▶ **Web page caption snippets**:
((
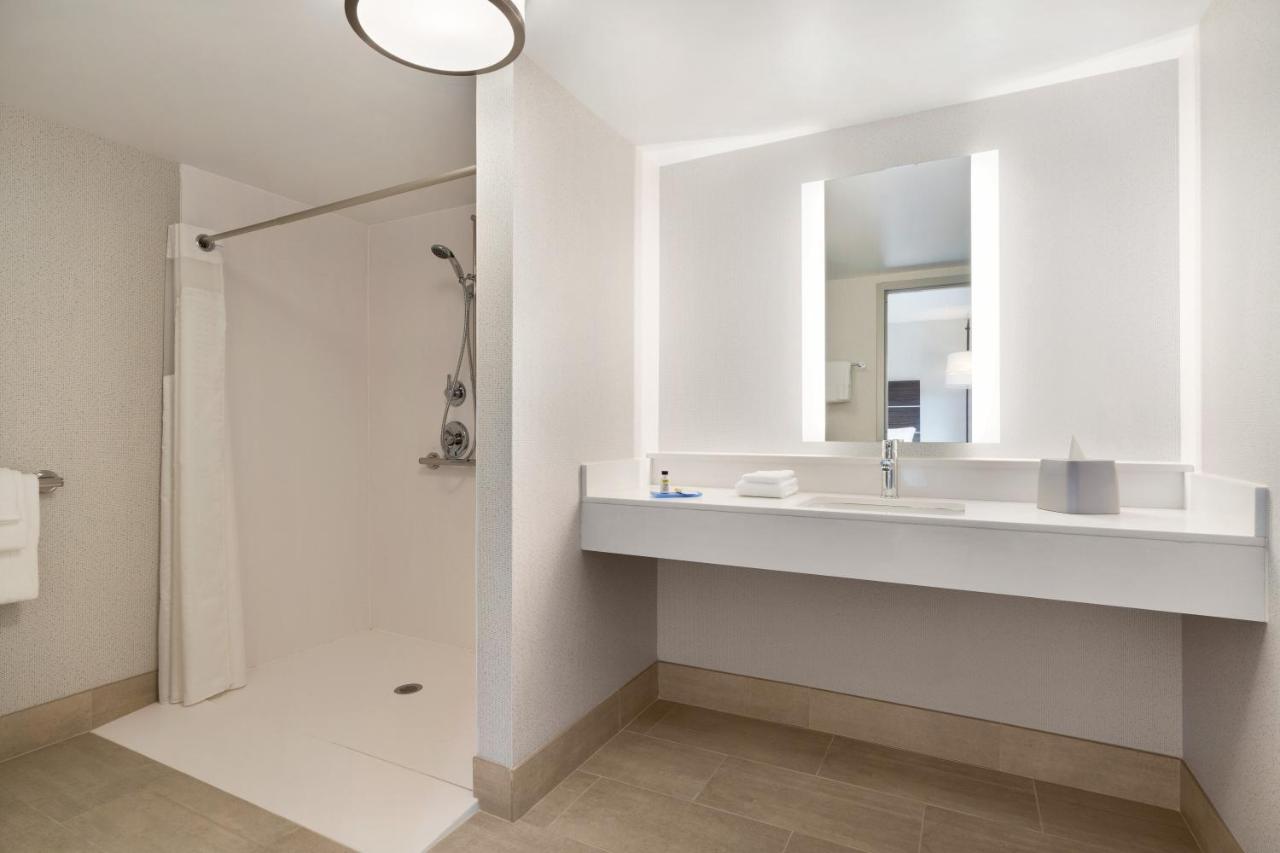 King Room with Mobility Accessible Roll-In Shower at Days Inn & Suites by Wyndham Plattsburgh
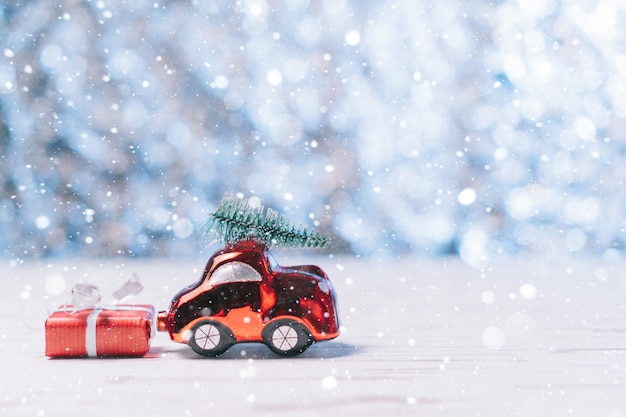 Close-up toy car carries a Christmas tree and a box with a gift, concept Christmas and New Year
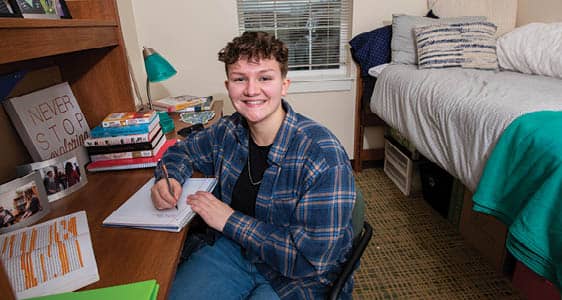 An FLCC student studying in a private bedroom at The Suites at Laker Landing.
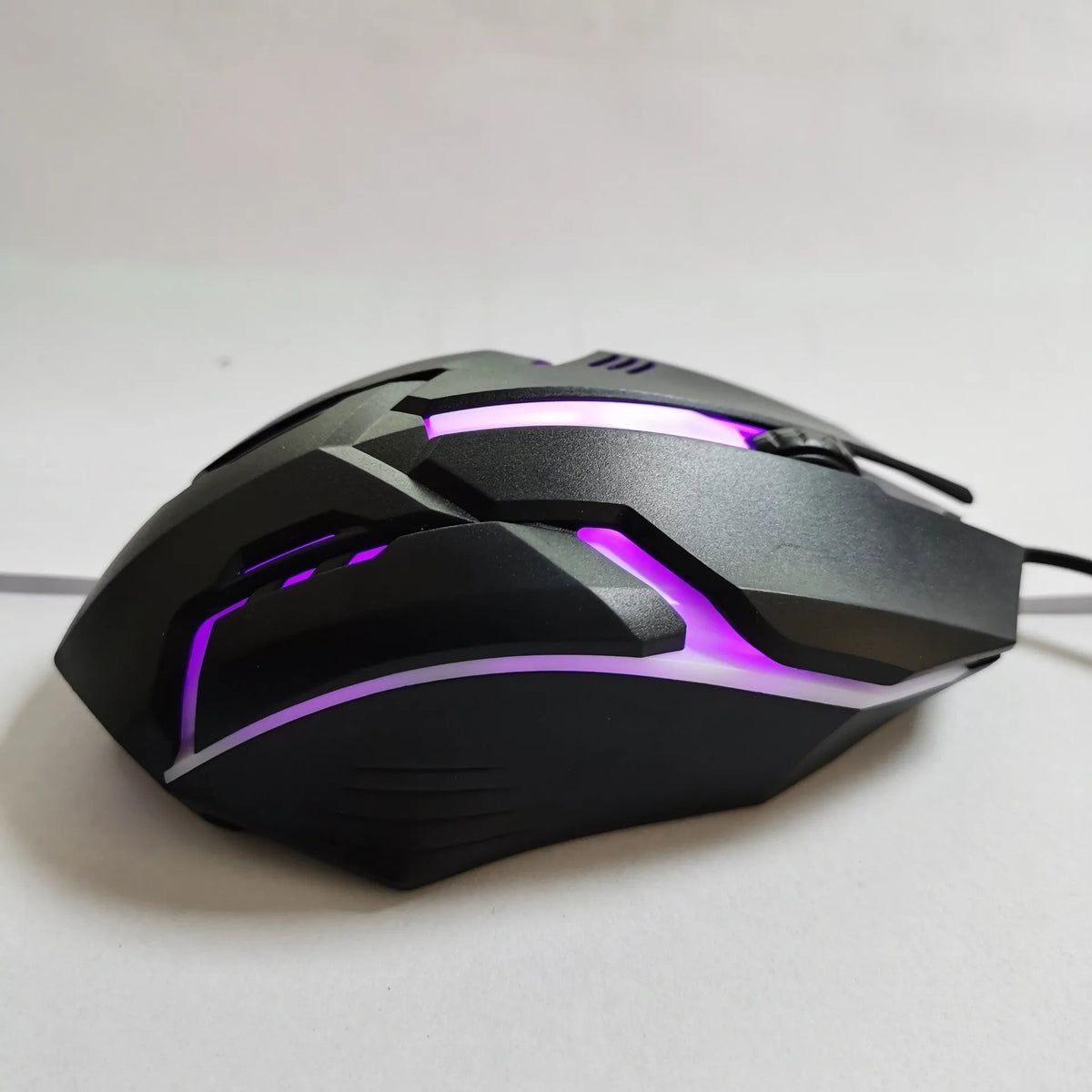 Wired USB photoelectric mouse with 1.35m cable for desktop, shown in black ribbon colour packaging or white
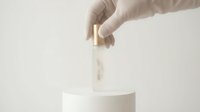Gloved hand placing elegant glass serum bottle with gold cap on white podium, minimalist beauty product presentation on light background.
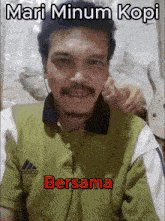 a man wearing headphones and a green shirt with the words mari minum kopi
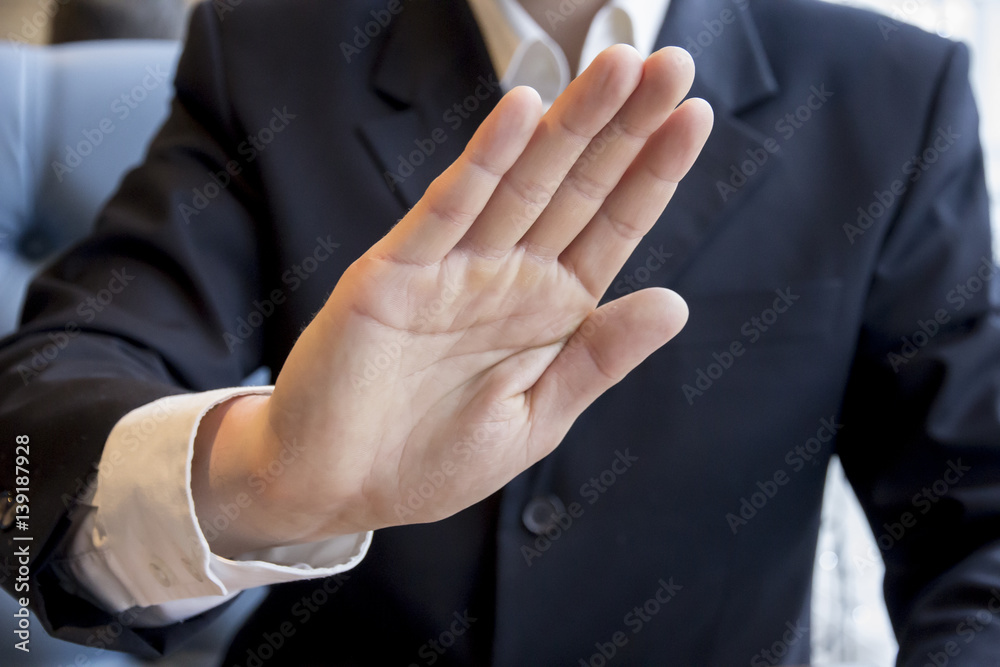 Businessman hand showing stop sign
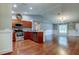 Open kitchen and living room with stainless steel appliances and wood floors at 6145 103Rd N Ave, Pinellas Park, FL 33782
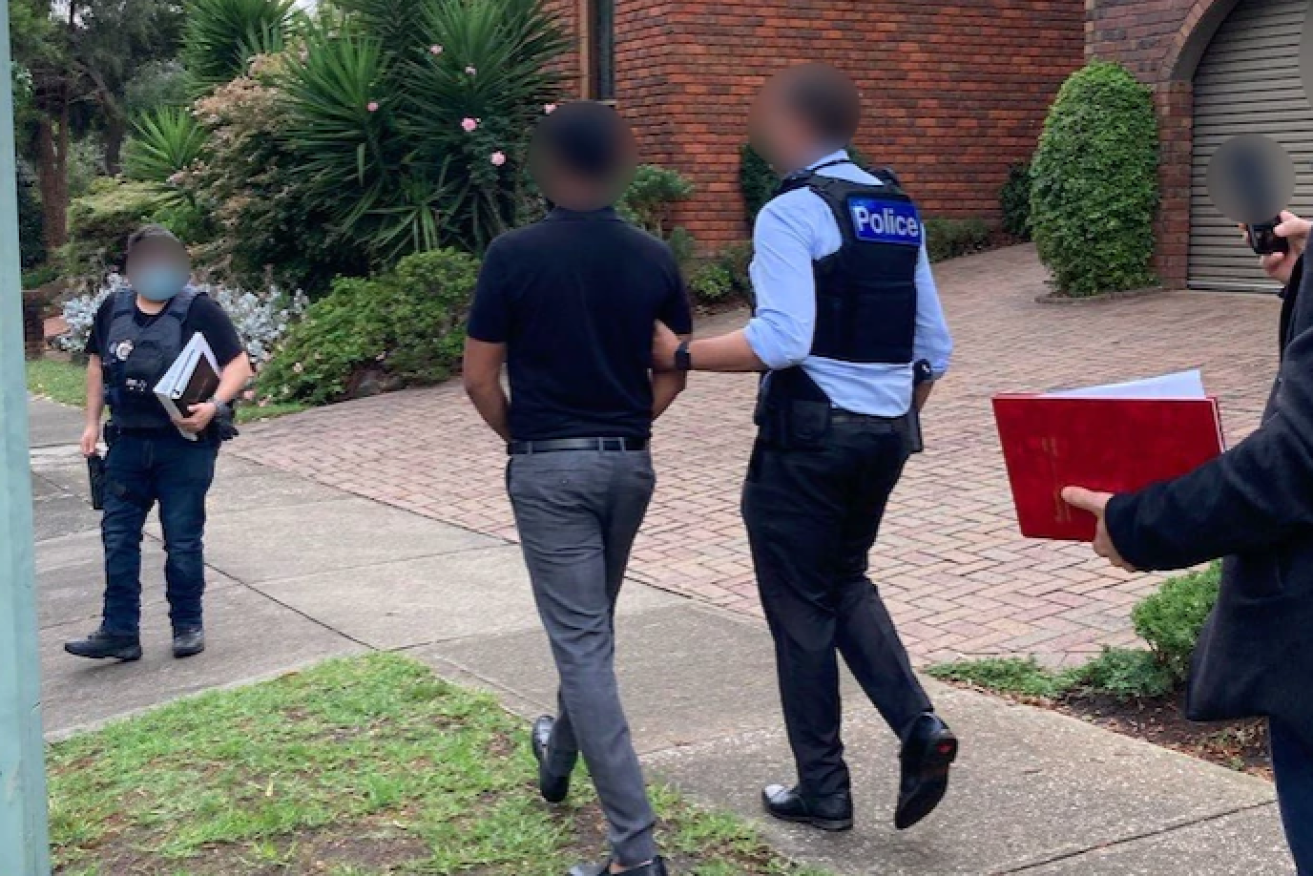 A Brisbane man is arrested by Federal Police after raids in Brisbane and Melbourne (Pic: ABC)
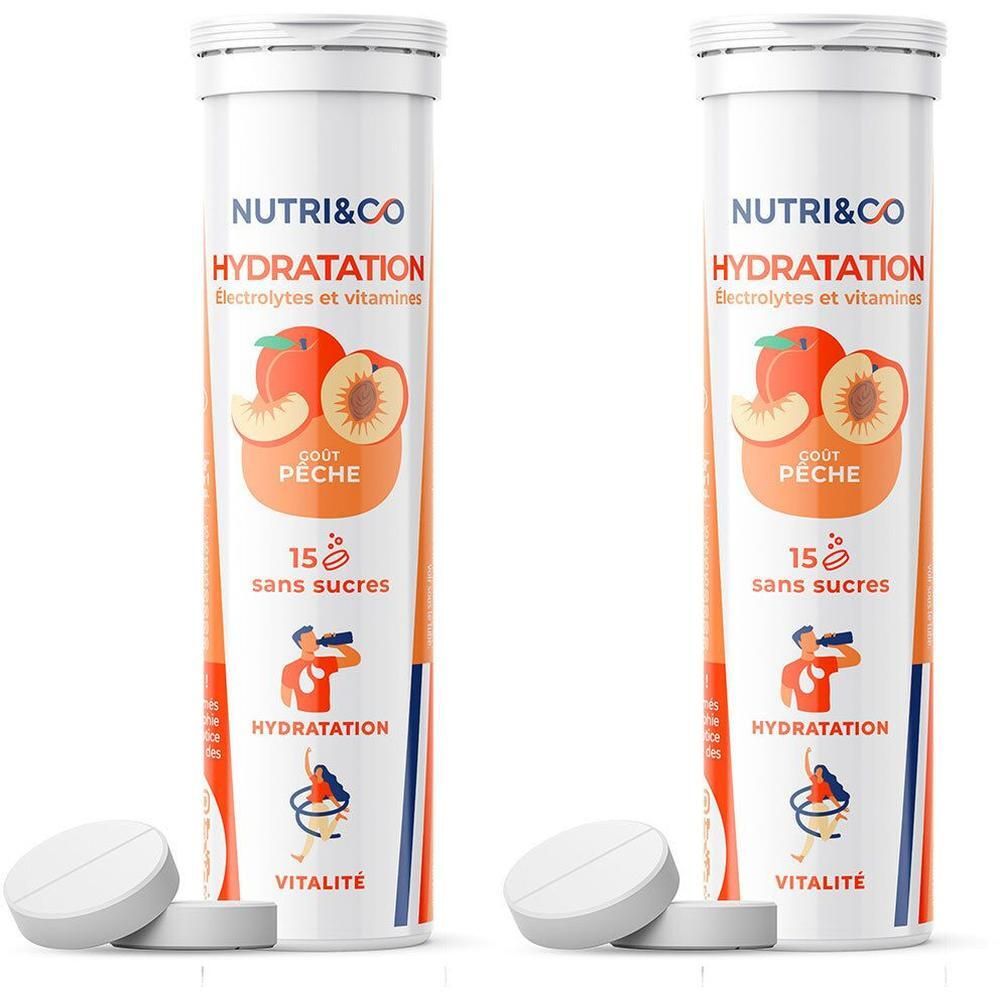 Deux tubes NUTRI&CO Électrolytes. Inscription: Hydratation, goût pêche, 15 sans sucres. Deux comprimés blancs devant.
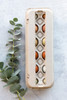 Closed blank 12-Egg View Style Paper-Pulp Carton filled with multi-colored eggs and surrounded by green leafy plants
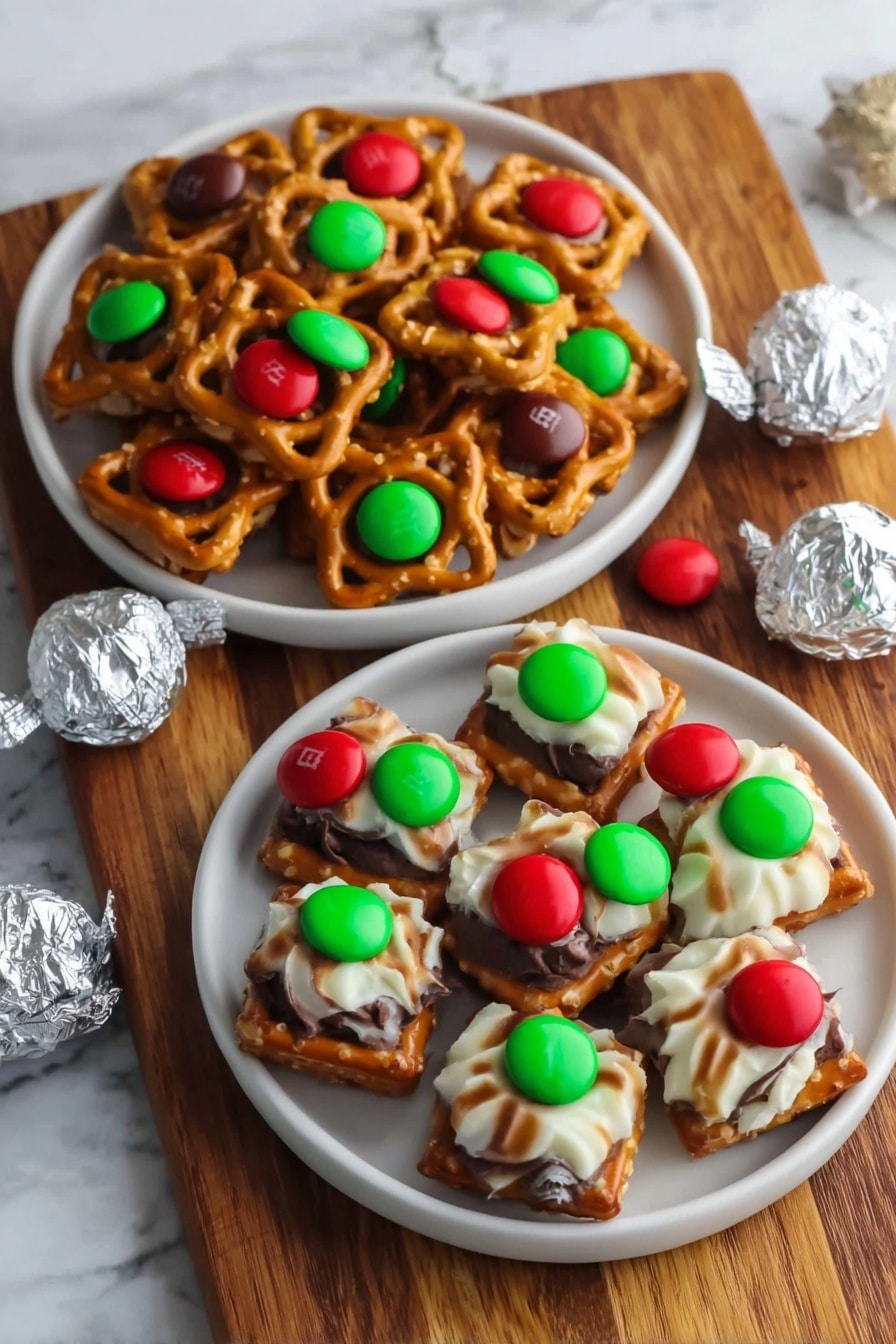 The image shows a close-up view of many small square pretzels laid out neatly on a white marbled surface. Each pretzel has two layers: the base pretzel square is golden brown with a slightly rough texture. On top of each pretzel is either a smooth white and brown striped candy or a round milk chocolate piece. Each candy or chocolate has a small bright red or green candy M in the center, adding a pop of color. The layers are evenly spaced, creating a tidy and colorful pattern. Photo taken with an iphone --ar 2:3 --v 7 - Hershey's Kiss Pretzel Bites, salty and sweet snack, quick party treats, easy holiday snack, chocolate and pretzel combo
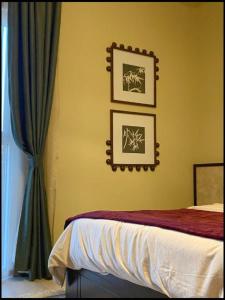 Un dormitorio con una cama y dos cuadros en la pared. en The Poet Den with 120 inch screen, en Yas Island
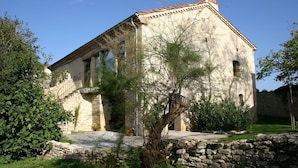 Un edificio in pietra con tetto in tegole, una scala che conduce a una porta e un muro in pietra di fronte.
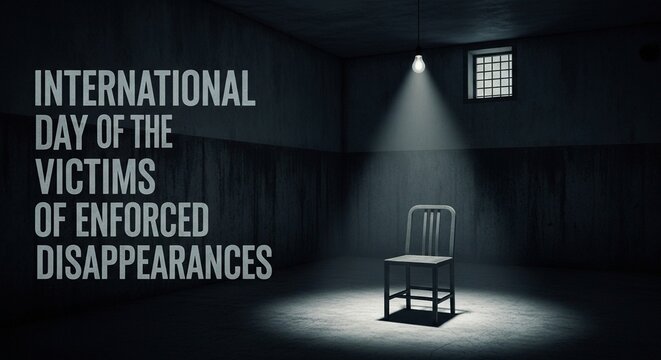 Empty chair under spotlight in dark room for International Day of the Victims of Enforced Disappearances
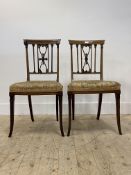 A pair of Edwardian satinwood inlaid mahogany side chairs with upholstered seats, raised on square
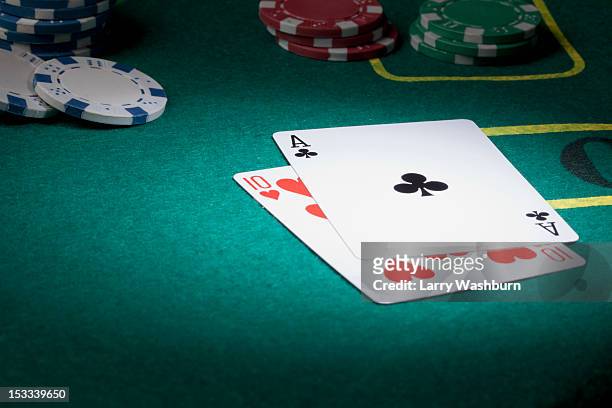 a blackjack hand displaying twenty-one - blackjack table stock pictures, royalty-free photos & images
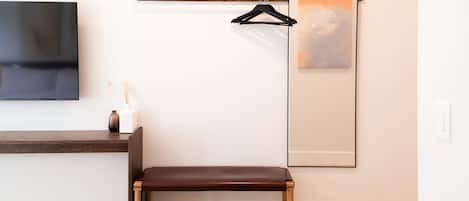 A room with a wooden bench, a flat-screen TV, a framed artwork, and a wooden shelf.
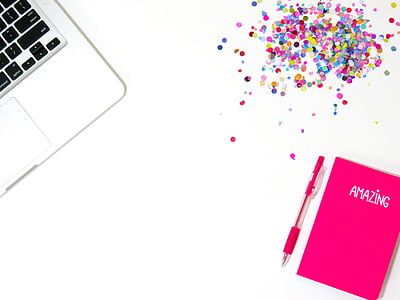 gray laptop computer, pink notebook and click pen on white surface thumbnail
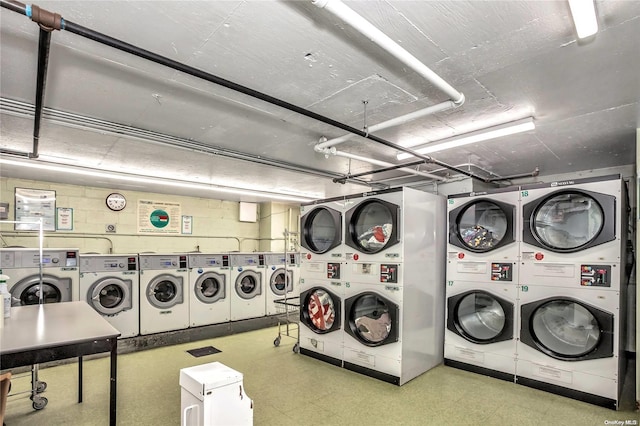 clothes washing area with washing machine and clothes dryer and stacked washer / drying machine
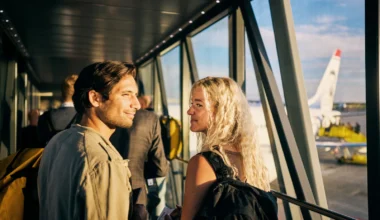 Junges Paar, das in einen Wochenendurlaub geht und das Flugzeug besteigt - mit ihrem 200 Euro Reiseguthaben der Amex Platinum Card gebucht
))
▶ **WORK ITEM**: Starting at the line above with "Un edificio in", output every line exactly up to and including the line with "a blackjack hand", but none of the pictures.

▶ **YOUR RESPONSE**:
 Un edificio in pietra con tetto in tegole, una scala che conduce a una porta e un muro in pietra di fronte.
 Empty chair under spotlight in dark room for International Day of the Victims of Enforced Disappearances
 A pair of Edwardian satinwood inlaid mahogany side chairs with upholstered seats, raised on square
 a blackjack hand displaying twenty-one - blackjack table stock pictures, royalty-free photos & images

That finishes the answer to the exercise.